Ethiker Lob-Hüdepohl gegen Aufhebung der Impfpriorisierung

Verstoß gegen das Gerechtigkeitsprinzip?

Das Ethikrat-Mitglied Andreas Lob-Hüdepohl hat die Aufhebung der Impfpriorisierung in mehreren Bundesländern kritisiert. Der Theologe forderte den Gesetzgeber außerdem dazu auf, auch Nicht-Geimpften mehr Freiheiten zu ermöglichen.

Zahlreiche Impfwillige warten in Berlin- eukölln, wo eine Schwerpunktimpfung gegen Corona stattfindet / © Bernd von Jutrczenka (dpa)
Zahlreiche Impfwillige warten in Berlin- eukölln, wo eine Schwerpunktimpfung gegen Corona stattfindet / © Bernd von Jutrczenka ( dpa )

Es verstoße gegen das Prinzip der Gerechtigkeit, "die noch nicht durchgeimpften Personen mit höherer Dringlichkeit dem Windhund- und Ellenbogenprinzip auszusetzen", sagte der Berliner Theologe im Interview der "Welt" (Dienstag). Die über 80-Jährigen hätten ein 500-fach höheres Risiko, schwer an Corona zu erkranken als die 40-Jährigen.

Theologe Andreas Lob-Hüdepohl / © Julia Steinbrecht (KNA)
Theologe Andreas Lob-Hüdepohl / © Julia Steinbrecht ( KNA )

Bei den über 60-Jährigen sei das Risiko noch 50-fach erhöht. "Wenn Bayern, Baden-Württemberg und jetzt auch Berlin und Brandenburg die Priorisierungsregeln außer Kraft setzen, setzen sie auch das Gerechtigkeitsprinzip in der Impfstoffverteilung außer Kraft."

Mehr Freiheit für Nicht-Geimpfte

Lob-Hüdepohl forderte den Gesetzgeber zudem auf, auch Nicht-Geimpften mehr Freiheiten zu ermöglichen. "Wer einen negativen aktuellen PCR-Test vorweisen kann, muss eine Party besuchen können, ähnlich wie Geimpfte", sagte er.

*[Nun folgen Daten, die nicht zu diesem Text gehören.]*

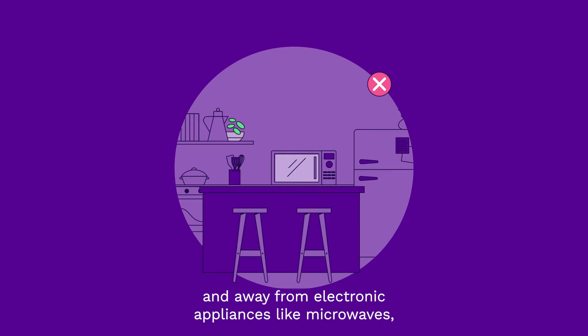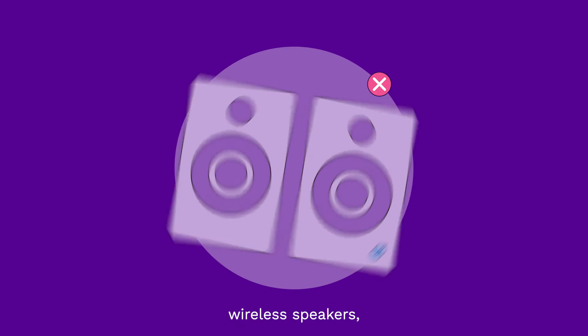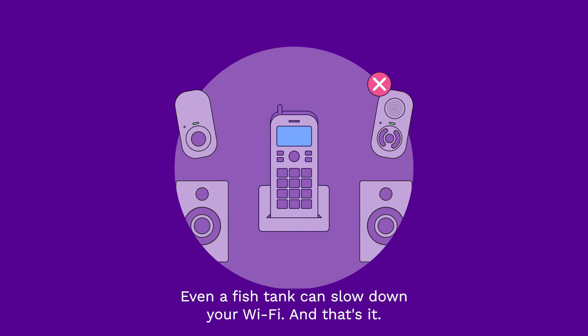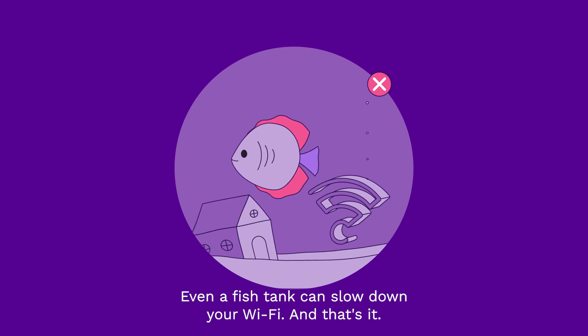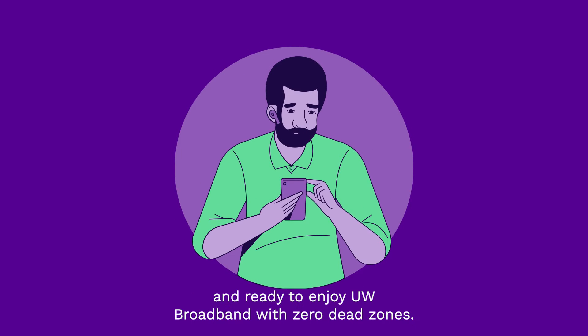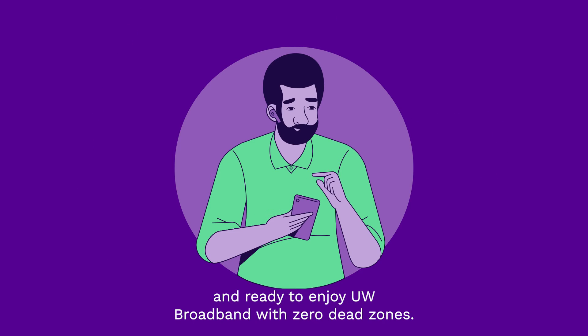Don't lock it away under the stairs or in a cupboard. And definitely keep them out of the kitchen and away from electronic appliances like microwaves, wireless speakers, baby monitors, and cordless phones. Even a fish tank can slow down your Wi-Fi. And that's it — you should now be all set up and ready to enjoy UW Broadband with zero dead zones.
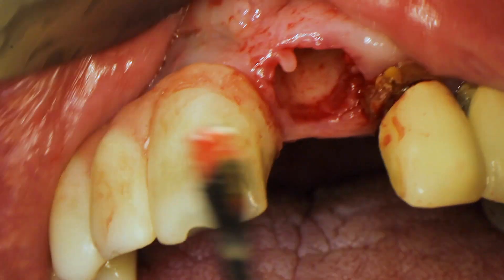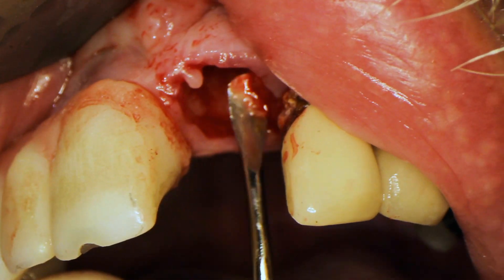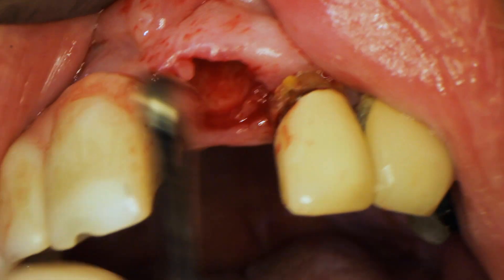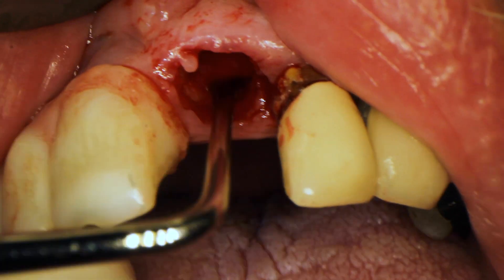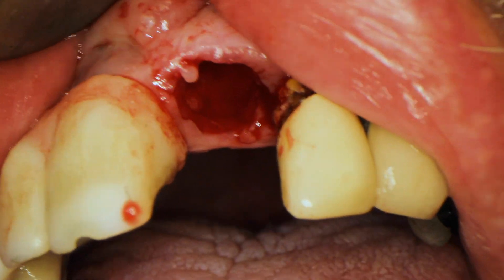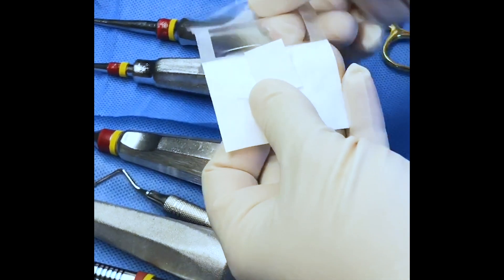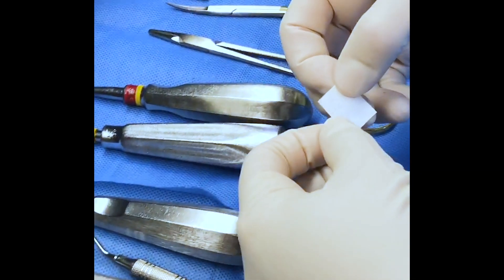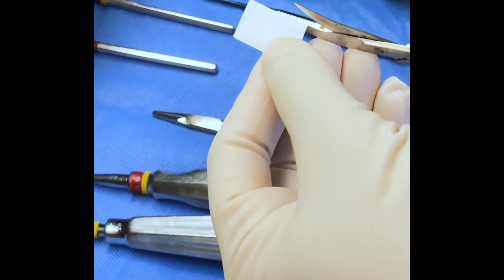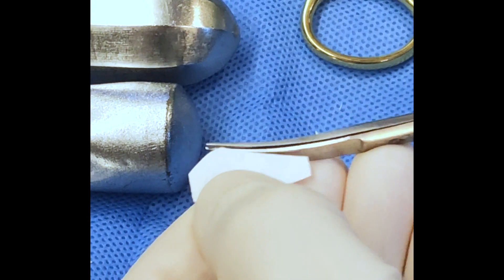If there is a dehiscence, that's a perfect candidate for the ice cream cone technique. It won't work well if the entire wall is missing — then you might need more extensive GBR techniques. But if there's just a small dehiscence where a periapical infection went through, you can use this technique. Now that the socket is cleaned out, I take my little rectangular membrane and cut it into the shape of an ice cream cone.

"Ansonsten bekommen wir ein großes Akzeptanzproblem." Den Nicht-Geimpften sei bereits ein "doppelter Nachteil" entstanden. "Sie müssen Einschränkungen ihres Gesundheitsschutzes hinnehmen und zudem länger warten, bis sie wieder in den Genuss ihrer Grundrechte kommen. Das ist durchaus bedenklich - auch mit Blick auf unsere Verfassung", so der Theologe.

Montgomery​: Kernproblem ist Impfstoff-Mangel

Der Ehrenpräsident der Bundesärztekammer, Frank Ulrich Montgomery, zeigt sich skeptisch, ob eine Verteilung durch die Hausärzte zu einer besseren Verteilung führen werde. Die Aufhebung der Priorisierung sei "die klassische Verantwortungsverlagerung" der Politik, sagte Montgomery am Montag bei RTL/ntv. "Sie macht den schlanken Fuß und schiebt den Hausärzten das Problem zu." Das Kernproblem sei der Mangel an Impfstoff, so der Experte.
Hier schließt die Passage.